Le précepte de la kiblah est important aux yeux des Musulmans; Mahomet y a insisté: «Nous t'avons vu, dit Allah, tourner ton visage de tous les côtés du ciel; nous voulons que tu te tournes dorénavant vers une région dans laquelle tu te complairas. Tourne-le donc vers la plage de l'oratoire sacré[ [9]. En quelque lieu que vous soyez, tournez-vous vers cette plage[ [10].» (C. II, 139.)
La recherche de la direction de la Mecque est un petit problème cosmographique qui a été conciencieusement étudié par les savants de l'islam et par ses docteurs.
Dans les mosquées, le mihrâb qui est le panneau devant lequel se place l'imam présidant à la prière, marque la direction de La Mecque. Ce mihrab est décoré de quelques symboles qui sont les mêmes que ceux qu'on place sur les tapis de prière. On y écrit la parole du Coran: «Toutes les fois que Zacharie allait visiter Marie dans son mihrâb» (C. III, 32)[ [11]; on y met aussi un petit plan de la Mecque.
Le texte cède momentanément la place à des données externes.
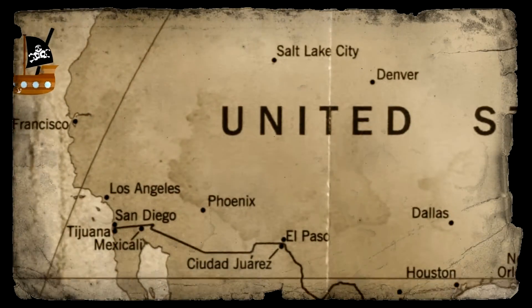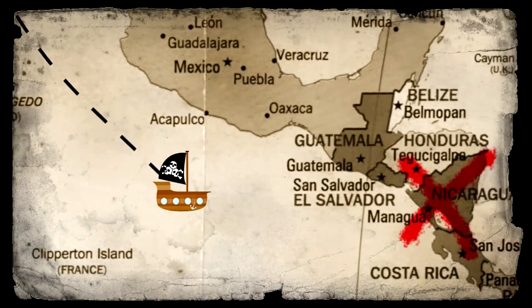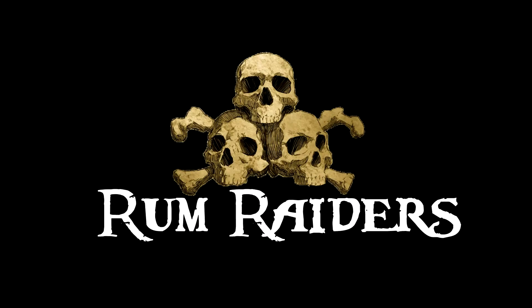What is up Rum Raiders! Today we're talking Florida Kana 18. Florida Kana 18 is an amber rum aged for 18 years. It's part of their Centennial brand, and this one has won double gold in 2015.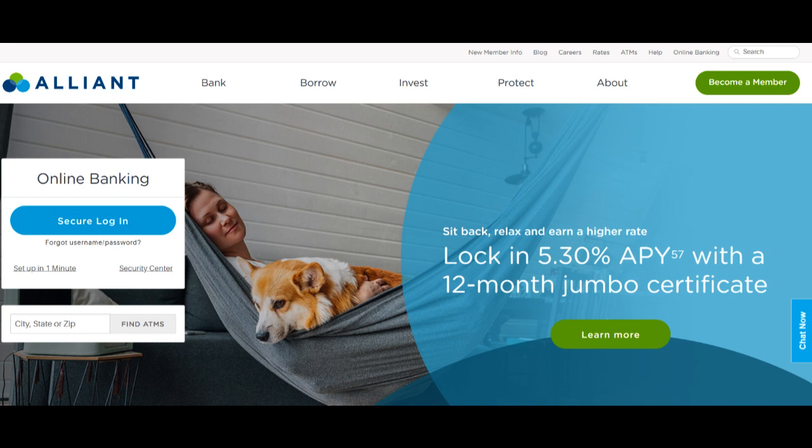One of the most significant advantages of the Alliant Credit Union RV Loan is the competitive interest rates it offers. The credit union is well regarded for providing its members with some of the most favorable rates in the RV loan market. This can translate into substantial savings over the life of your loan, making it an attractive choice for those seeking to keep their borrowing costs in check while exploring the open road.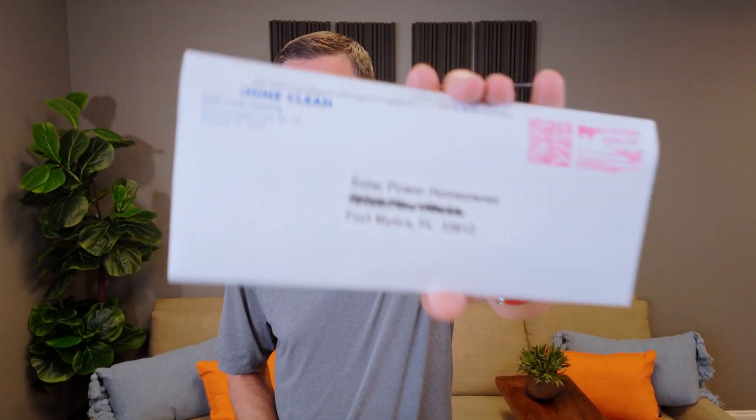Should you clean your solar panels? Hi, I'm Jason with Florida Solar Design Group. We are getting this question a lot recently, and it may have something to do with this letter that's going out to Southwest Florida residents.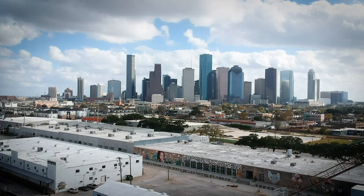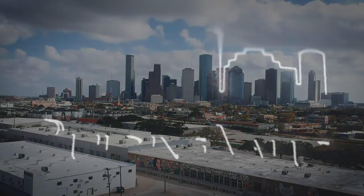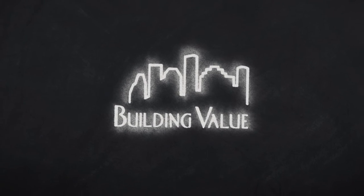On Building Value, we go behind the scenes at some of the most iconic buildings in Texas to showcase the incredible people that design, build, and maintain them and their impact on the community.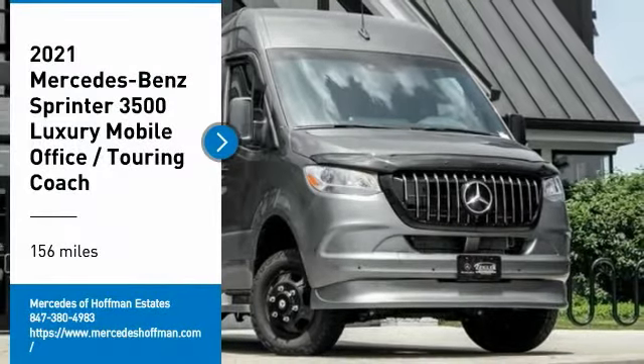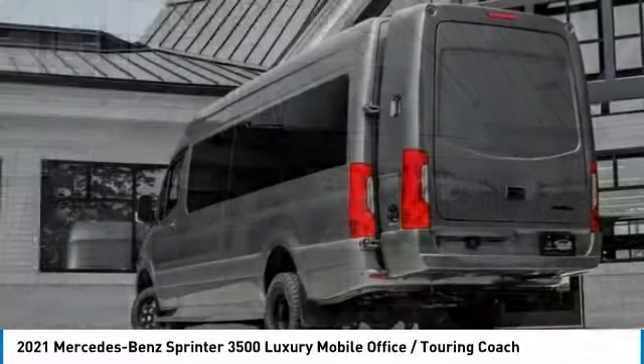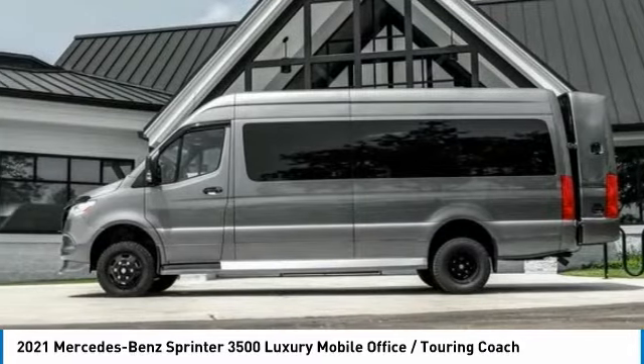Stop by and take a look at the 2021 Sprinter. For those with a job to do, look no further — the Mercedes Sprinter is for you. This vehicle has less than 200 miles.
Dans les mosquées qui sont d'anciennes églises chrétiennes désaffectées, le fond de l'abside ne se trouve pas dirigé vers la ville sainte de l'islam; le mihrâb est alors placé en dehors de l'axe de l'édifice, et tous les tapis de la mosquée, ainsi que les rangs des Musulmans qui prient, se trouvent disposés obliquement par rapport aux grandes lignes de l'église; il résulte de là un effet assez bizarre, ainsi qu'on peut le constater quand on visite Sainte-Sophie; mais cette dissymétrie rappelle aux Musulmans que le monument où ils prient est une dépouille du christianisme.
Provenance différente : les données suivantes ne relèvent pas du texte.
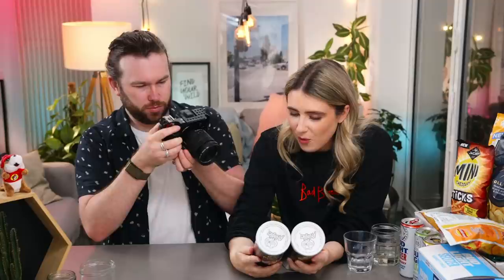Moving on to the crisps! We've got two Pringles, a Walkers, a Marks and Spencer's, a Jacobs, and a popcorn pop thing. Should we start with the Pringles? Why not? I had never seen these before — I think these are kind of tied to the football. It's quite clever — two new flavors with really cool branding. We've got pulled pork burger and döner kebab. I'm hoping these really do taste good since we tried that burger Pringles from Japan.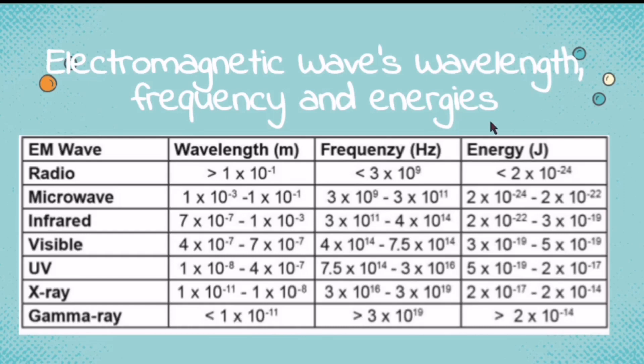Wavelength and energy also have the same inverse relationship. As the wavelength becomes longer, the energy becomes lower. But when the wavelength becomes shorter, the energy becomes higher. Energy here is in joules and wavelength is in meters. As for frequency and energy, their relationship is direct — as frequency increases, energy also increases. So remember: wavelength and frequency have an inverse relationship, wavelength and energy also have an inverse relationship, but frequency and energy have a direct relationship.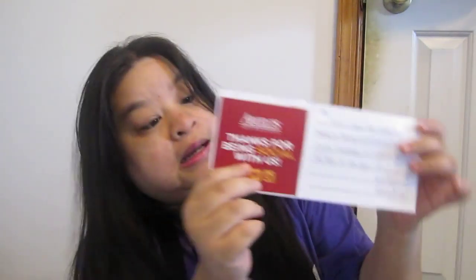Abuelos — the flavor of Abuelos. I won. Here is your free Queso VIP card. 'Thank you for being social and participating in our Cinco de Mayo Days of Trivia on Facebook. We hope to see you soon.' And I got the VIP card for a free Queso.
Quant à la prière elle-même, elle est assez courte dans la loi de l'islam. Elle se compose d'invocations brèves, de quelques versets du Coran, de génuflexions ou rikah. Les attitudes du corps y sont exactement déterminées.
Les Musulmans peuvent prier seuls ou par groupes, au lieu où ils se trouvent, pourvu qu'il soit décent, ou dans la mosquée. Lorsqu'ils prient en groupes, ils se rangent; devant eux se tient un président, imam. Ce n'est pas précisément un prêtre, car il n'y en a pas dans l'islam; c'est quelque personnage recommandable ou le chef de la mosquée.
Le vendredi, la prière se fait sous la présidence du sultan, chef ou imam de tout l'islam, ou de son délégué, nâib. La prière du vendredi à midi est solennelle dans les cités; elle se fait dans les mosquées djâmi (cathédrales); elle est obligatoire en tant que prière publique. Les personnes qui ont visité Constantinople ont pour la plupart assisté à la cérémonie du Sélamlik, qui consiste en ce que le sultan se rend le vendredi à une mosquée voisine de son palais, au milieu d'un grand déploiement de troupe. A cette prière solennelle, on fait le prône, la khotbah; elle a une importance politique très grande, car, dans la seconde partie de la khotbah, on prie pour le chef politique reconnu. Une révolution est faite ou consacrée par le changement du nom cité dans la khotbah. La première partie de ce prône est toute théologique; on y parle de Dieu, de son unité, de ses qualités, du prophète et de ses premiers successeurs. Le docteur chargé de ce discours monte dans le minbar, la chaire, qui est en forme d'escalier, et qui est à peu près le seul meuble de la mosquée. Pendant le temps de cette prière solennelle du vendredi, les Musulmans doivent chômer.